Prostate cancer is the leading cause of cancer deaths in men. Diagnosis is based on Gleason grading, which is the most widely used system for determining the severity of prostate cancer from tissue samples. However, Gleason grading is highly subjective with significant variation between experienced pathologists. An improved prostate cancer grading system will both prolong lives and reduce medical costs significantly.
CADESS is a proprietary technology combining consensus-graded tissue data and a new tissue stain with powerful AI and Machine Learning tools: knowledge-based systems, deep learning, and sophisticated classifiers for automatic malignancy grading.
Using biopsy and prostatectomy material with a consensus Gleason grade, we will use pattern recognition and statistical methods to find the features that correlate well with the grade. We will also develop new classifiers for cancer grading that reliably identify malignancy relative to disease end points. By training the classifiers on the disease outcome rather than on the Gleason grade, we aim for better prognostication than currently possible.
We address gland segmentation of tissue stained with PRS-Htx using image analysis methods based on mathematical morphology with adaptive filters. We decompose our images into density maps corresponding to the stroma and the epithelium, and use the stromal density map to determine the exact glandular contours. The method has been successfully tested on more than 5000 glands of different grades, from well-formed glands (Gleason grade 3) to cribriform (grade 4), and single cells (Gleason grade 5).
During 2015 thirteen internationally prominent uropathologists from seven countries remotely graded 650 small images from whole mount sections according to the Gleason system. We observed similar grade variations as seen in other studies; for example, in 60% of the cases more than four pathologists disagreed with the majority. But unlike other studies on intra- and inter-observer grading variation, which are based on entire biopsies or whole mounts, each image in our study contained only one dominant morphological pattern, allowing identification of patterns that cause large grading discrepancies. In September this year the pathologists met in Uppsala to establish a consensus for these patterns.

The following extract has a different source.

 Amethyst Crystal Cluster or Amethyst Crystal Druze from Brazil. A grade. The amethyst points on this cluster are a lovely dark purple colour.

We developed an automatic method for highly accurate color decomposition of histological images into density maps, one for each stained tissue type. The method decouples intensity from color information by mapping the image data to the Maxwellian Chromaticity plane, and bases the decomposition only on the tissue absorption characteristics of each stain, excluding areas affected by light scattering stains. A quantitative comparison using the root-mean-square-errors (RMSE) of the mixing matrices produced by independent component analysis (ICA), non-negative matrix factorization (NMF), BCD and a ground truth mixing matrix as defined by an experienced pathologist reveals that our method outperforms NMF by between 20% and 40% and ICA at greater margins. Qualitative comparisons reveal a visual difference in the size of the nuclei even for the stronger stain, hematoxylin. The figure shows the results of automatic decomposition of Sirius-Htx+-stained tissue.

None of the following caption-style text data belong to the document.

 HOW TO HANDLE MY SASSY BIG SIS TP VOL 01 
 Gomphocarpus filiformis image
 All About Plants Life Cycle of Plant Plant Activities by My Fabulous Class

Pathologists rely on multiple, contrasting stains to analyze tissue samples, but histological stains are developed for visual analysis and are not always ideal for automatic analysis. We compared thirteen different histological stains from adjacent prostate tissue sections from radical prostatectomies. We evaluated the stains for both supervised and unsupervised classification of stain/tissue combinations. We demonstrated that for a specific tissue type, certain stains perform consistently better than others according to objective error criteria.
The traditional prostate tissue stain, Hematoxylin-Eosin (H&E) dating from 1896, does not allow automatic identification of the prostate glandular structure which is key in malignancy grading. In contrast, PRS stains the connective tissue surrounding the glands red, allowing precise identification of the glandular borders. Both stains use Hematoxylin to stain the nuclear texture. We have also developed a method to add immune-histochemical staining of basal cells to PRS-Htx to discriminate invasive cancer.
The project has been financed by Svenska Vetenskapsrådet (the Swedish Research Council), Hagstrandska Fonden, Vinnova VFT-, Handelsbankens Innovationsstiftelse, and Uppsala University, Department of Immunology, Genetics and Pathology.